Francisco Urdinez, assistant professor at Pontificia Universidad Católica de Chile and ICLAC’s director, presented several key takeaways derived from many months of work with project-level data. He identified significant cross-border investment clusters, especially around mining activities in Argentina, Chile, Peru, and Bolivia, and highlighted the continued dominance of a small number of state-owned enterprises, including State Grid, China Three Gorges Corporation, and Sinopec. Additionally, the team’s review of case study analysis of Chinese investments reveals that many significant investments, particularly in renewable energy and lithium extraction, remain under-researched. Urdinez also noted that, instead of large-scale greenfield projects, Chinese companies are increasingly prioritizing joint ventures, minority stakes in assets of strategic interest, and smaller market-seeking investments. These and other developments are detailed in the ICLAC report, “Trends in Chinese FDI in South America: Findings from the Regional repository of Chinese Investments in Latin America,” which is co-authored by Urdinez and Myers, and was published following the event.
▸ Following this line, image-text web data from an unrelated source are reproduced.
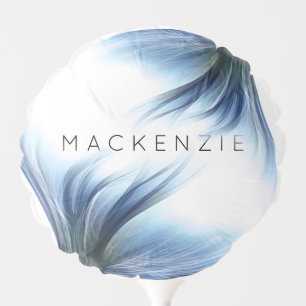 Mermaid Glam Tail Dusty Ice Blue Luster Custom Balloon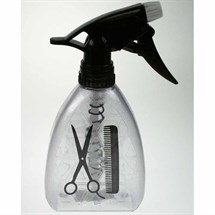 Comby Spray Bottle 360ml - Scissor & Comb Design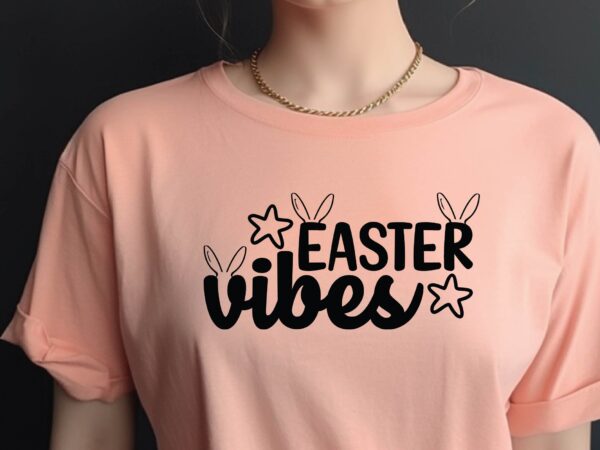 Easter vibes vector clipart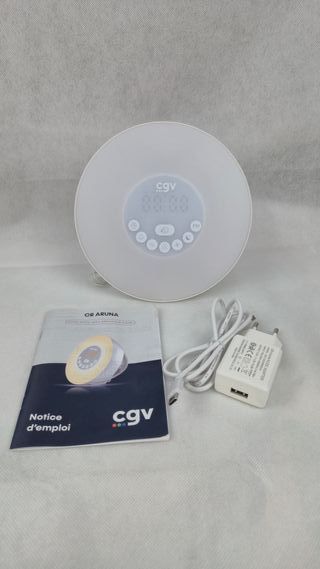 Despertador CGV Aruna con luz y radio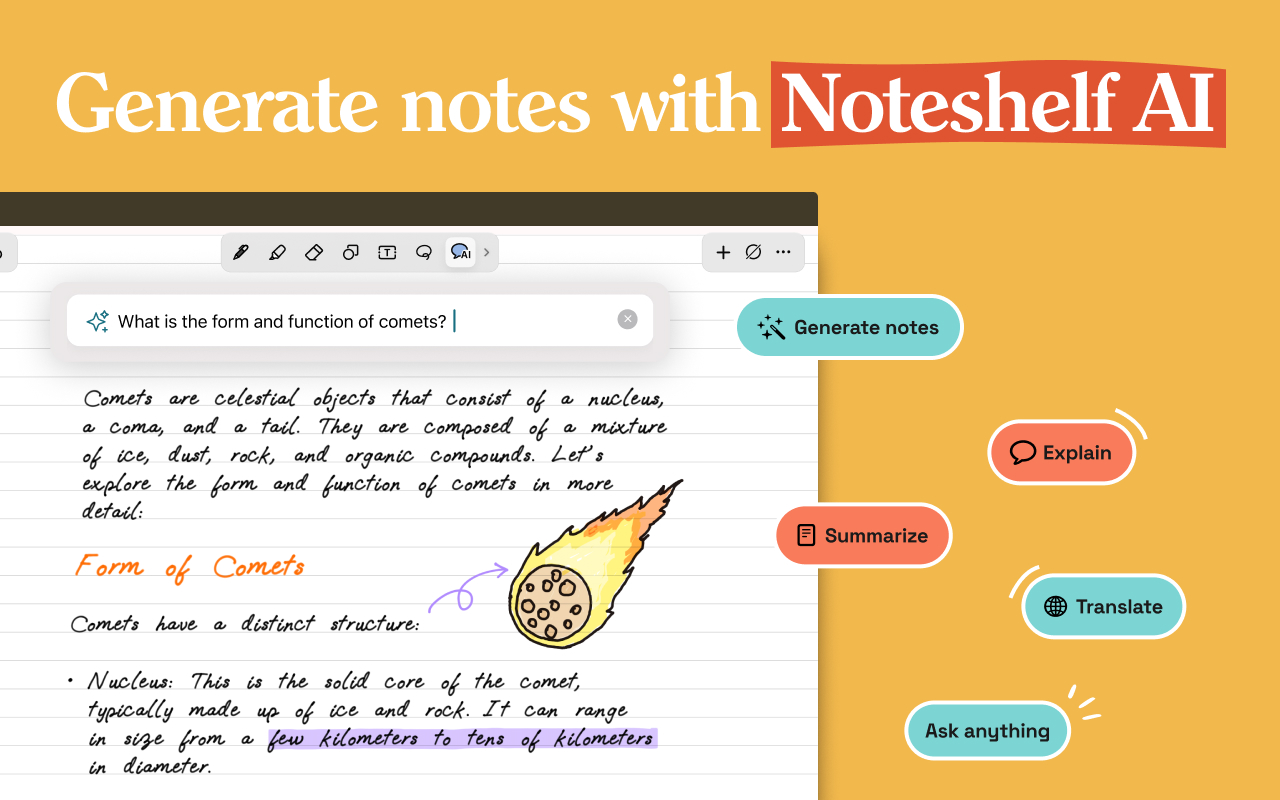 Noteshelf 3: AI Digital Notes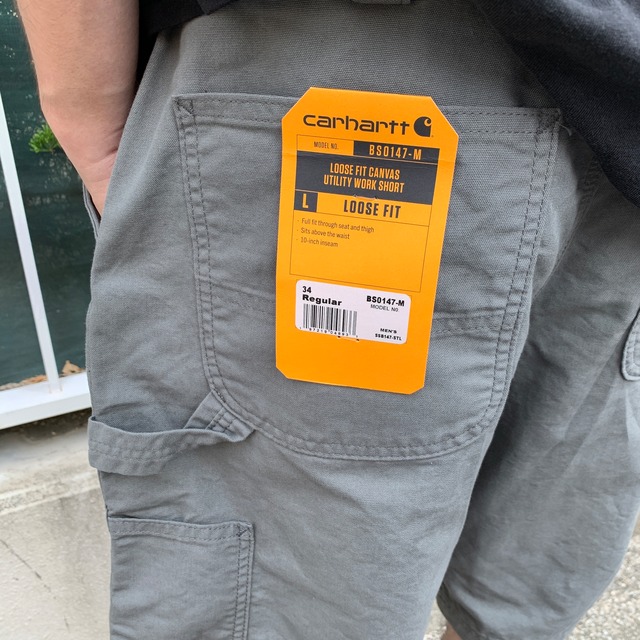未使用品 Carhartt キャンバスユーティリティワークショーツ W34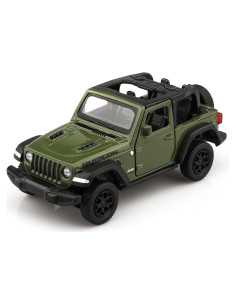 Coche de Metal a Escala 1/36 Jeep Wrangler Rubicon Verde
Both speakers described the repository as a critical tool for researchers, policymakers, and others looking to engage more extensively with data on Chinese investment in the region. Myers also noted the tool’s value in improving transparency on Chinese investment and informing dialogue around China’s complex economic activities in the region. Looking ahead, Myers and Urdinez underscored the value of the repository’s network of researchers, as well as the importance of user feedback in maximizing the accuracy and utility of this analytical tool.